The International Pharmacopoeia Twelfth Edition - Pharmacopoea Internationalis Editio XII: Monographs: Pharmaceutical substances: Remdesivir (Remdesivirum)

Monographs: Pharmaceutical substances: Remdesivir (Remdesivirum)

2022-01

Molecular formula. C₂₇H₃₅N₆O₈P

Relative molecular mass. 602.6

Graphic formula

Chemical name. 2-Ethylbutyl (2S)-2-{[(S)-{[(2R,3S,4R,5R)-5-(4-aminopyrrolo[2,1-f][1,2,4]triazin-7-yl)-5-cyano-3,4-dihydroxytetrahydrofuran-2-yl]methoxy}(phenoxy)phosphoryl]amino}propanoate or 2-Ethylbutyl N-{(S)-[2-C-(4-aminopyrrolo[2,1-f][1,2,4]triazin-7-yl)-2,5-anhydro-d-altrononitril-6-O-yl]phenoxyphosphoryl}-l-alaninate (IUPAC), l-Alanine, N-[(S)-hydroxyphenoxyphosphinyl]-, 2-ethylbutyl ester, 6-ester with 2-C-(4-aminopyrrolo[2,1-f][1,2,4]triazin-7-yl)-2,5-anhydro-d-altrononitrile (CAS); CAS Reg.

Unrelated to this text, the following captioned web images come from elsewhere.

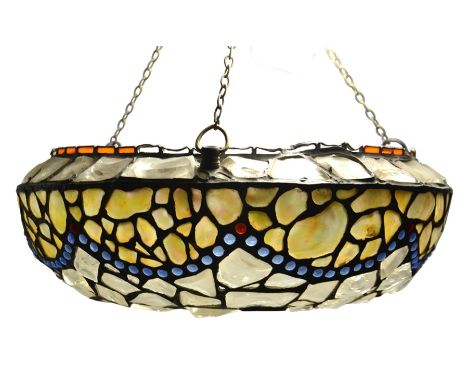 An early 20th century leaded glass and mother of pearl pendant light shade, circa 1915, swags of shell, beaded with blue cabo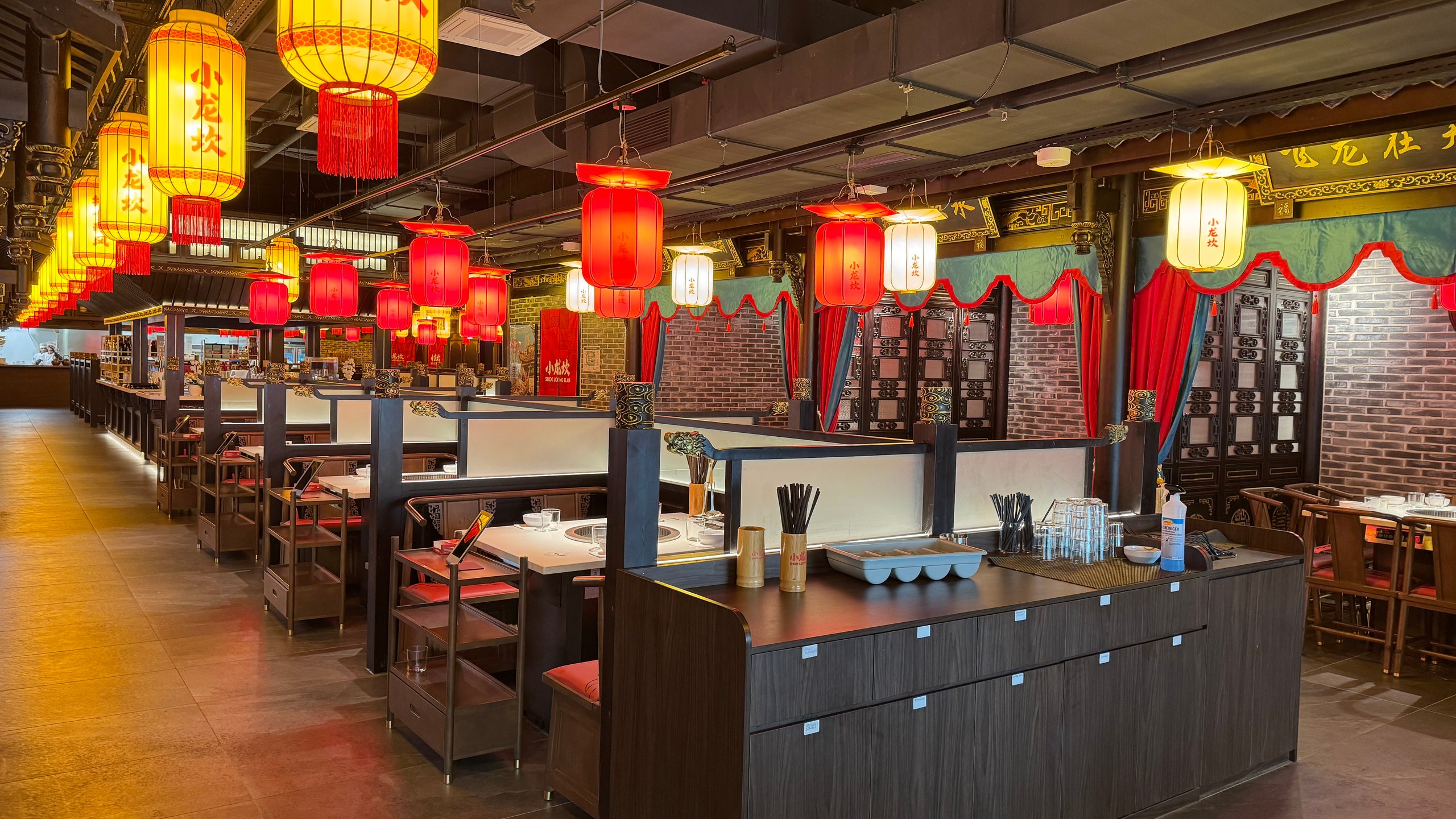 Interior of a Chinese restaurant with red and yellow hanging lanterns, dark wood booths, brick walls, and tables set for dining.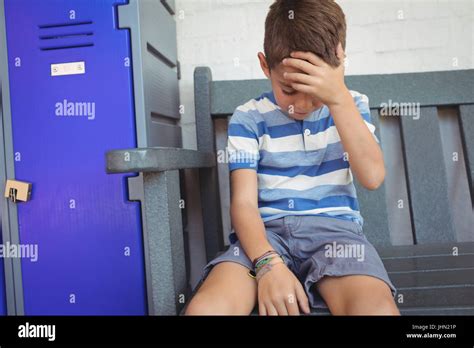 Sad Boy Sitting On Bench By Locker At School Stock Photo Alamy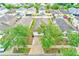 Aerial view of a single-Gathering home with mature trees and a driveway in a residential neighborhood at 15410 Quail Woods Pl, Ruskin, FL 33573
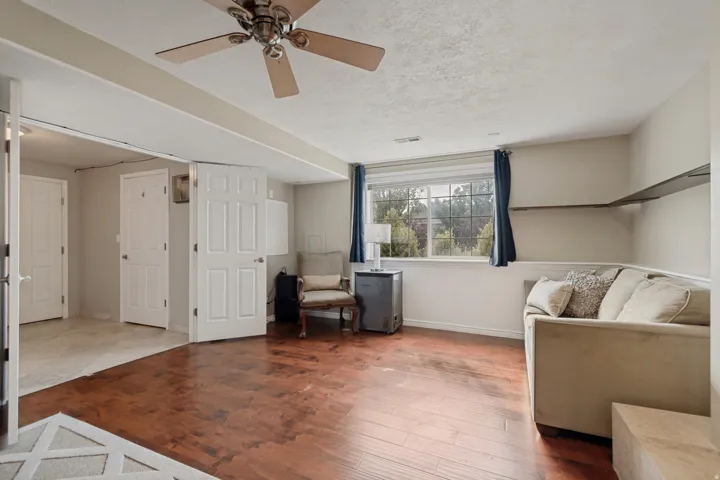 Hardwood-style flooring, a ceiling fan, baseboard trim, and a window with exterior scenery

No. 1809249-37-3.

Description. A white to off-white to slightly yellow powder.

Solubility. It is soluble in ethanol (~750 g/L) TS, freely soluble in methanol R and sparingly soluble in dimethylsulfoxide R. It is practically insoluble in water R.

Category. Antiviral.

Storage. Remdesivir should be kept in tightly closed containers, protected from moisture.

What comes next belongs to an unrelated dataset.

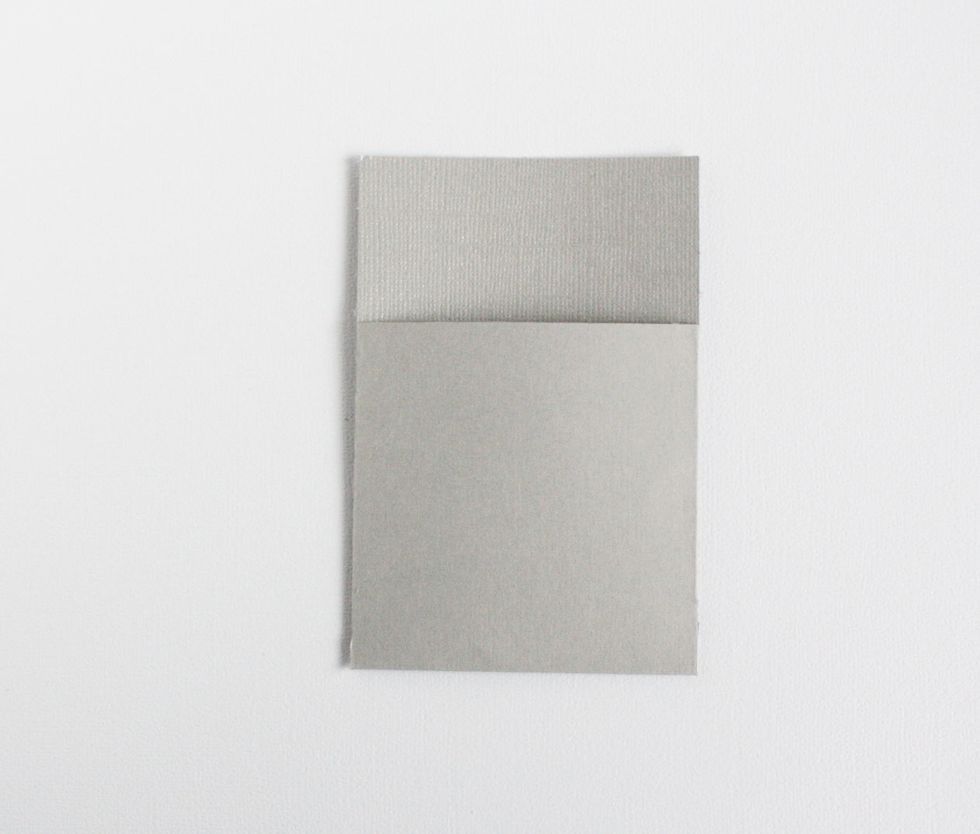 Add some adhesive to only the flaps. Fold at the score line to make the pocket.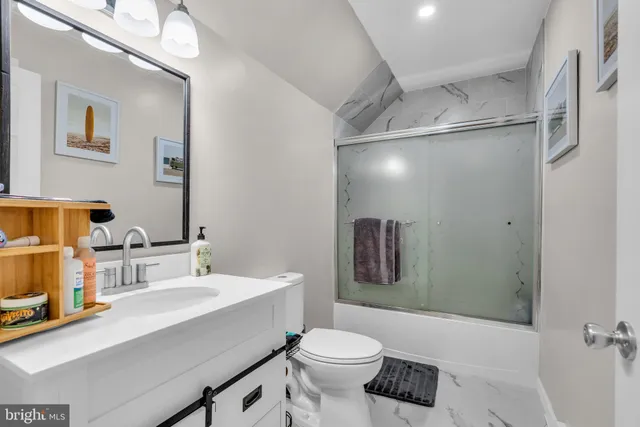 a bathroom with a sink toilet vanity and shower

Additional information. Remdesivir exhibits polymorphism.

Requirements

Definition. Remdesivir contains not less than 96.0% and not more than 102.0% of C₂₇ H₃₅N₆O₈P, calculated with reference to the anhydrous substance.

Identity tests

Either test A or test B alone or any two of tests C, D and E may be applied.

Carry out the test as described under 1.7 Spectrophotometry in the infrared region. The infrared absorption spectrum is concordant with the spectrum obtained from remdesivir RS or with the reference spectrum of remdesivir.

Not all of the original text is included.